--- COLLECTED DATA ---
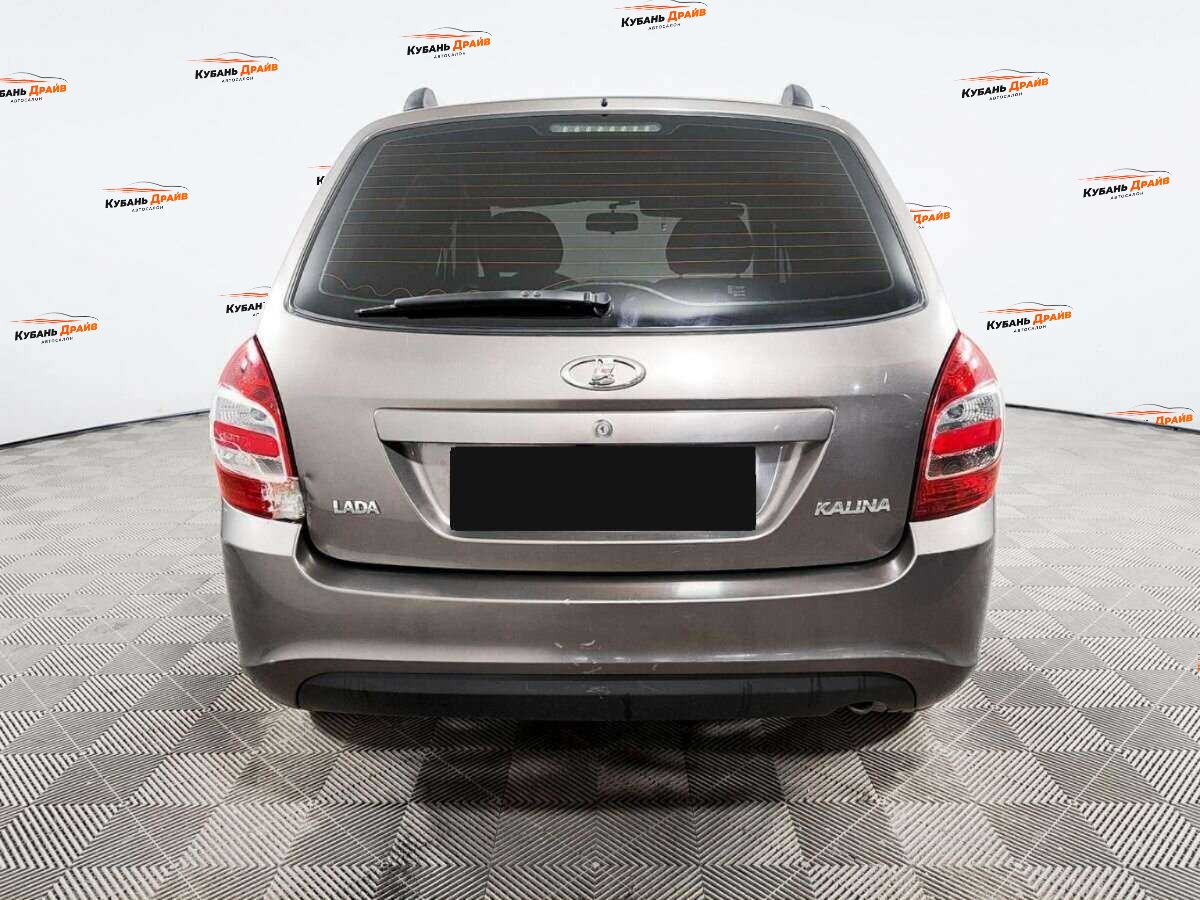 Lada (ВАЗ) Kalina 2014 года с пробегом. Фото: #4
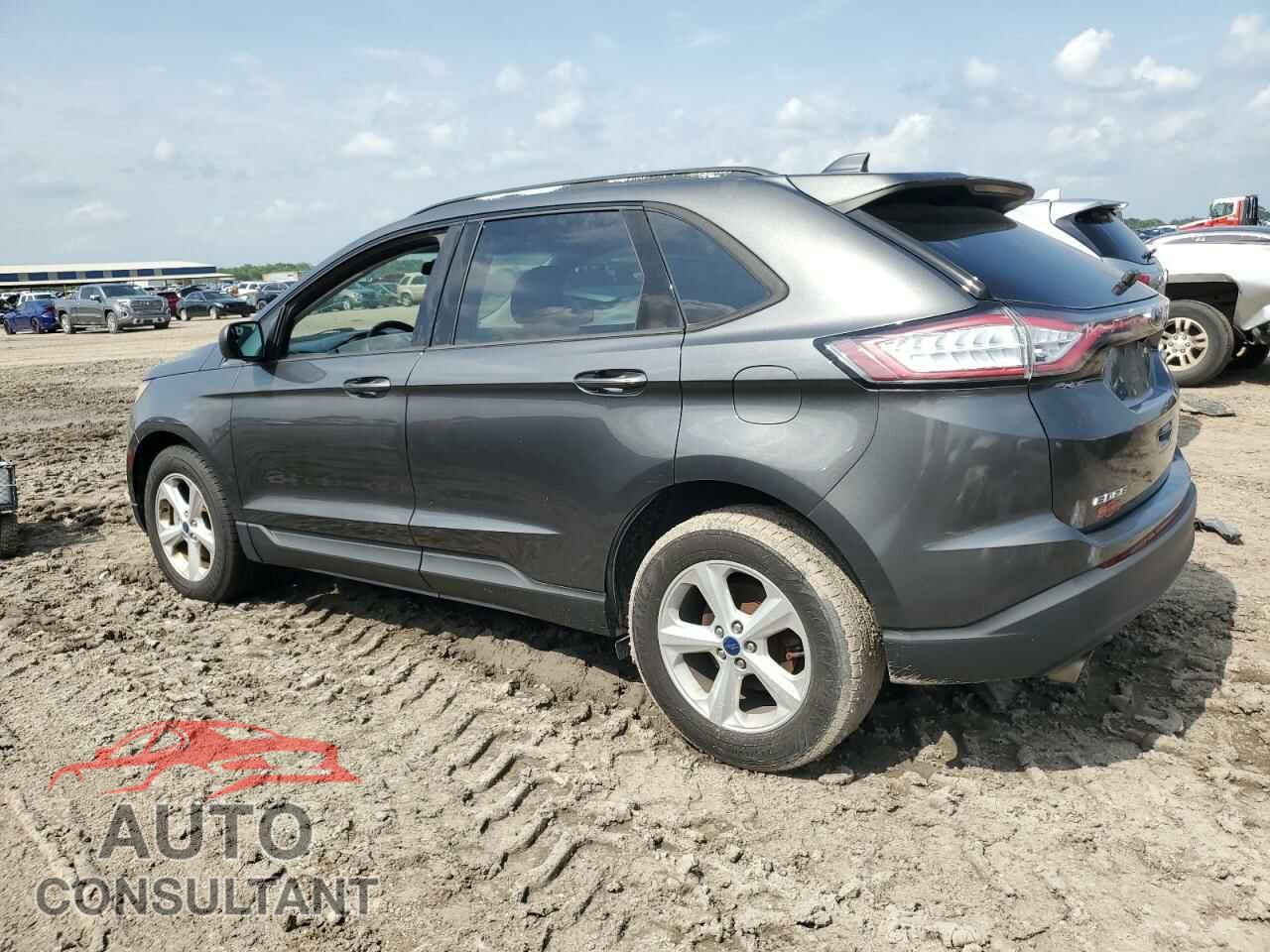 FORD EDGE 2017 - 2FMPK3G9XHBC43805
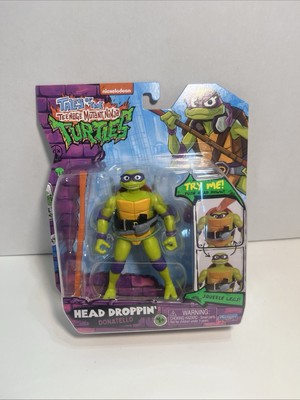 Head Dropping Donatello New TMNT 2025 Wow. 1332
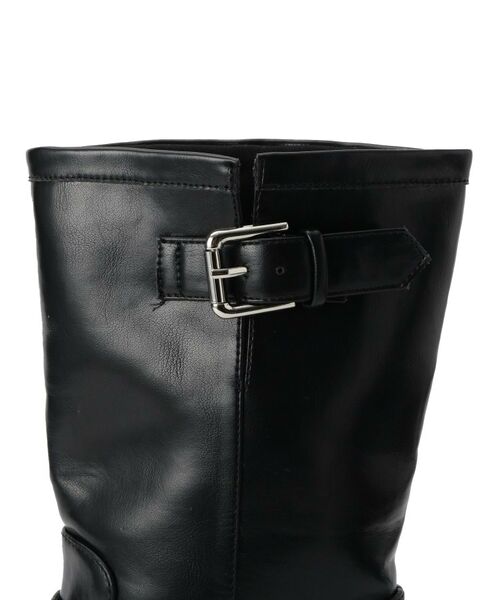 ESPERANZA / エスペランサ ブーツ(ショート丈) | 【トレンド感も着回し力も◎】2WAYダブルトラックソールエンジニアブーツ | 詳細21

--- EXERCISE PROMPT ---
Each line of the listing above should be retyped exactly, with no pictures.

--- RESULT ---
 Lada (ВАЗ) Kalina 2014 года с пробегом. Фото: #4
 FORD EDGE 2017 - 2FMPK3G9XHBC43805
 Head Dropping Donatello New TMNT 2025 Wow. 1332
 ESPERANZA / エスペランサ ブーツ(ショート丈) | 【トレンド感も着回し力も◎】2WAYダブルトラックソールエンジニアブーツ | 詳細21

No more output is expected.